A Met Police officer who Tasered a man who ended up paralysed from the waist down has been found not guilty of GBH.
Pc Mahmood was at Southwark Crown Court accused of unlawfully inflicting grievous bodily harm on Jordan Walker-Brown.
People in public gallery cried as the verdict was heard, while others walked out shaking their heads.
Jurors had been deliberating for over nine and a half hours when the verdict was reached this afternoon.
The court had previously heard Jordan Walker-Brown has 'permanent and complete paraplegia' and uses a wheelchair after he fell on to his head from a wall in Finsbury Park, north London, on May 4, 2020.
Pc Mahmood, 36, was in a marked police van with eight colleagues when he saw 26-year-old Mr Walker-Brown walking along the pavement.

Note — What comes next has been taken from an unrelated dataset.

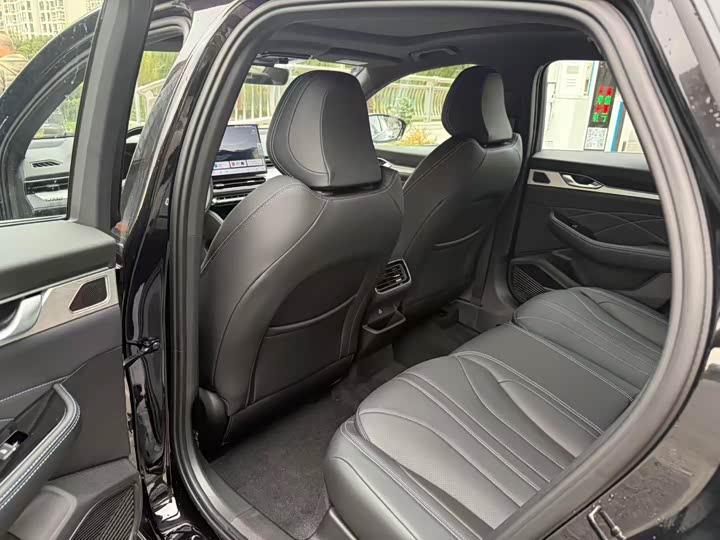 Фото 6 - Geely Preface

Body-worn footage seen by the jury, the officer chases after Mr Walker-Brown as he clambers onto wheelie bins and tried to climb over.
Mahmood then fires the Taser and Mr Walker-Brown can be seen falling over the other side of the wall.
In his closing speech prosecutor Ben Fitzgerald said: "The video evidence shows what happened.
"The truth of what happened is clear and simple. It shows that Mr Walker-Brown presented no risk to this officer when the Taser was fired, he just ran.
"'He had no weapon in his hand, no weapon on display, no weapon ever produced.
"He never made any move towards PC Mahmood. He was always moving away from the police.
"He jumped onto the bins. He was always moving to get away. He never made a move to attack.
"As he was about to breach the wall he was Tasered. He was not in a position to attack anyway.
"The issue, in this case, is not what was in his mind at the time and whether his use of force was reasonable or not.
"The fact is he is guilty."
Giving evidence last week Mahmood said he genuinely believed Mr Walker-Brown had a weapon and that he needed to contain him as 'he could turn around and attack [him] at any point'.
He had chased Walker-Brown down the pavement before Walker-Brown jumped onto a set of bins in the front corner of a property.
"At this point I'm shouting at Mr Walker-Brown 'police officers armed with Tasers', stuff like this," Mahmood told the court.
"I [wanted] to make Mr Walker-Brown aware there are police officers chasing after him and that I have a Taser pointing out at him.
"I intended him to give up and turn around."
Mahmood said it was the first time he discharged his Taser in his career but he genuinely believed Mr Walker-Brown posed an 'immediate threat'.
Mahmood wept as he told the court he 'absolutely did not' intend to cause harm to Mr Walker-Brown and said the past three years 'had been really hard'.
"It's affected me massively, not only myself but my family, I was just trying to do my job," Mahmood said.
Mahmood, who was part of the Territorial Support Group patrolling the Haringey area, denied inflicting grievous bodily harm.